The house once belonged to the local chief of the Soviet secret police. But today a tall, broad-faced man who is Georgia's ombudsman occupies it. Over the past five years, Sozar Subari has turned the position, created in 1997, into a counterweight to a government that many Georgians say has become increasingly authoritarian.
Although many countries, including democracies such as Norway and authoritarian states such as Azerbaijan, have ombudsmen, the state-funded job here has gained prominence in part because of Georgia's peculiar mix of freedom and repression: President Mikheil Saakashvili has been consolidating power, and Subari has been able to keep criticizing his government. Amid complaints from people such as Subari, Saakashvili proposed a number of democratic reforms, including strengthening the courts, as he prepared to meet Vice President Biden, who addressed Georgia's Parliament on Thursday.
With a staff of 60 people, the ombudsman investigates human rights violations and monitors the treatment of ethnic minorities. Complaints to the office have jumped from 1,400 to 5,100 annually, partly as a result, Subari said, of the job's higher profile since he took over. Subari, 44, appears frequently on television, meets with foreign diplomats and has won the respect of many ordinary Georgians: In a May poll by the Washington-based National Democratic Institute, he ranked most popular among two dozen public figures, including ruling party and opposition leaders.

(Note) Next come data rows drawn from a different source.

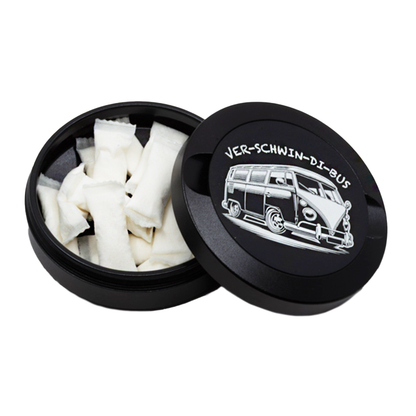 Gravierte Snusdose mit Motiv « Ver-schwin-di- Bus « in stilvoller Präsentation, elegantes Metall-Design, personalisierbares Accessoire für Snus-Liebhaber
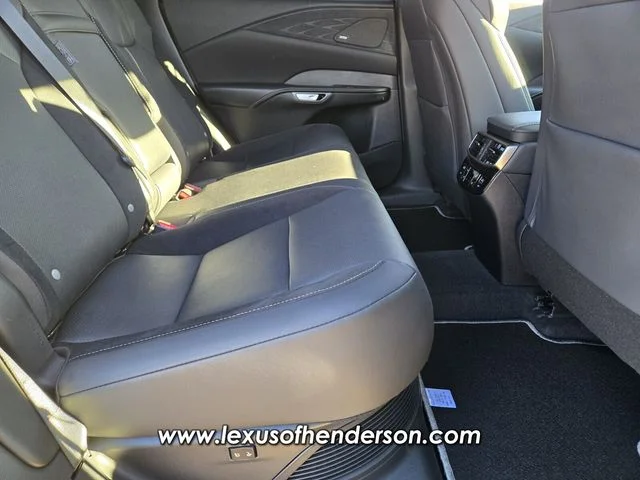2024 Lexus RX Hybrid 500h - Photo 17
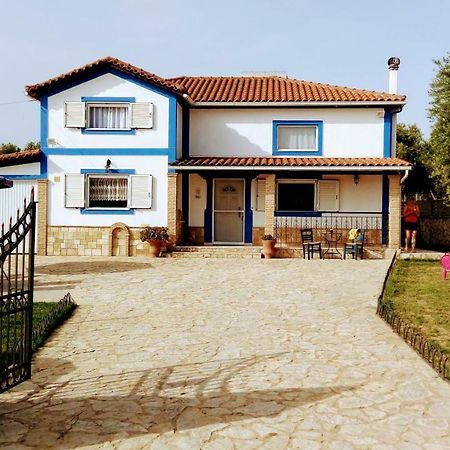 Villa Julia 蒂锡利维 外观 照片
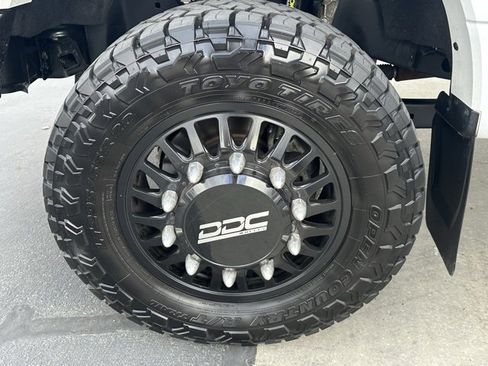 Used 2023 Ford F450 Lariat w/ Lariat Ultimate Package image 37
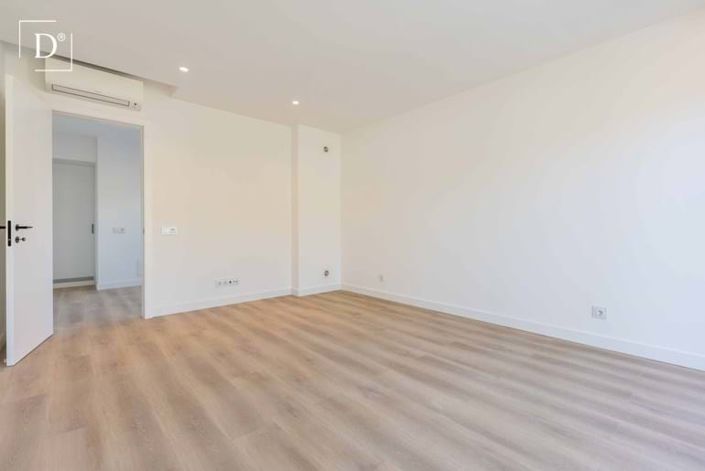 Image No.20-5 Bed Villa for sale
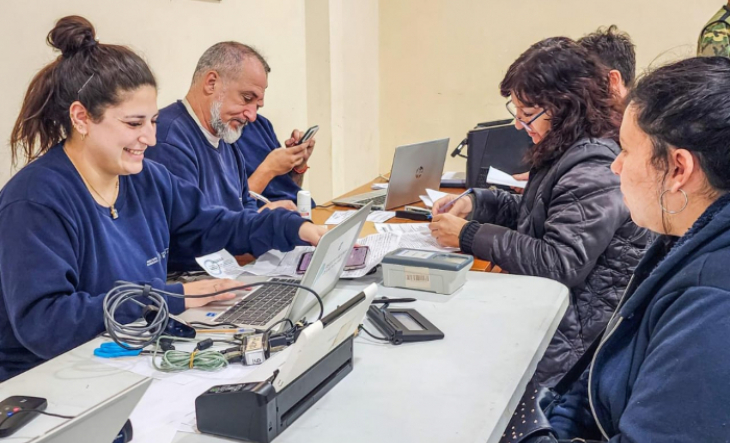 Puesto móvil del Registro de las Personas atendiendo a vecinos en una plaza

"He helps everybody he can," said Tamara Zhghenti, 54, a Tbilisi teacher who said Subari helped her resolve a property dispute involving a government official. "He is doing everything right."
But, stung by his reports on Georgia's lack of judicial and electoral independence, on police brutality and weakened media, government officials routinely dismiss Subari as politically motivated. "Confidence toward Sozar Subari as a personality is very low among government institutions," said Akaki Minashvili, a member of Parliament from the ruling party.
"I guess that some parts of [his] reports might be right," he said, adding that the government follows up on them, as required by law. "But with his political agenda, he undermines the content."
Since 2007, the opposition has staged regular rallies against the president, and for the past three months protesters have obstructed streets, blaming him for last year's war with Russia and demanding his resignation. Subari tries to witness the rallies and has paid a price.
He was beaten by government special forces in 2007. In May, he observed a clash in front of a police station and now keeps four rocks on his office desk as mementos. "This one hit a woman who was standing next to me," he said, turning it over in his palm. Government officials dismiss Subari's accounts of such events, saying he focuses only on police actions and not on the misbehavior of the protesters.
Subari's twice-yearly presentations to the mostly pro-Saakashvili Parliament are often delivered to a sparsely attended chamber.
"Parliament has been rough on him," said Peter Semneby, the European Union's special representative for the South Caucasus. "But one should not interpret the fact that people are not present at his public statements to mean that they find the substance uninteresting; it's probably the other way around. My sense is that they probably take the reports home and they do read them."
Semneby cautioned against confusing the nature of Subari's work with political bias. "The ombudsman is there to scrutinize the functioning of the government, of the authorities," he said. "I've sometimes been quite surprised at how courageous he's been. . . . He has been under attack, but not under enough attack that he's been destroyed."
Subari's survival can be seen as a sign of a maturing democracy or the result of a political strategy that seeks to give an added appearance of democratic principles.
"One could argue that he is more dangerous to the Georgian government on the outside than he is on the inside," said Lincoln Mitchell, a Columbia University professor of international affairs who specializes in Georgia. "They see the value of having some democratic structure even if they are not democratic. . . . Saakashvili doesn't hesitate to point to Subari as to 'why my country's a democracy.' "
This is key for a government whose democratic image has helped it garner support from the West, and a reason Subari said he is allowed to operate so freely, although his term ends in September and it is doubtful that Parliament will reappoint him. He points to small signs of progress: Fewer properties demolished without due process and an opposition TV station successfully suing to be allowed to air political content.
"It would be impossible in other countries to have such a critical ombudsman toward the government," he said. "But, in Georgia, it's possible. Not because I am a good or a bad ombudsman, but because it would be a huge scandal to change the law or arrest the ombudsman. In Georgia, it would be a problem for the image."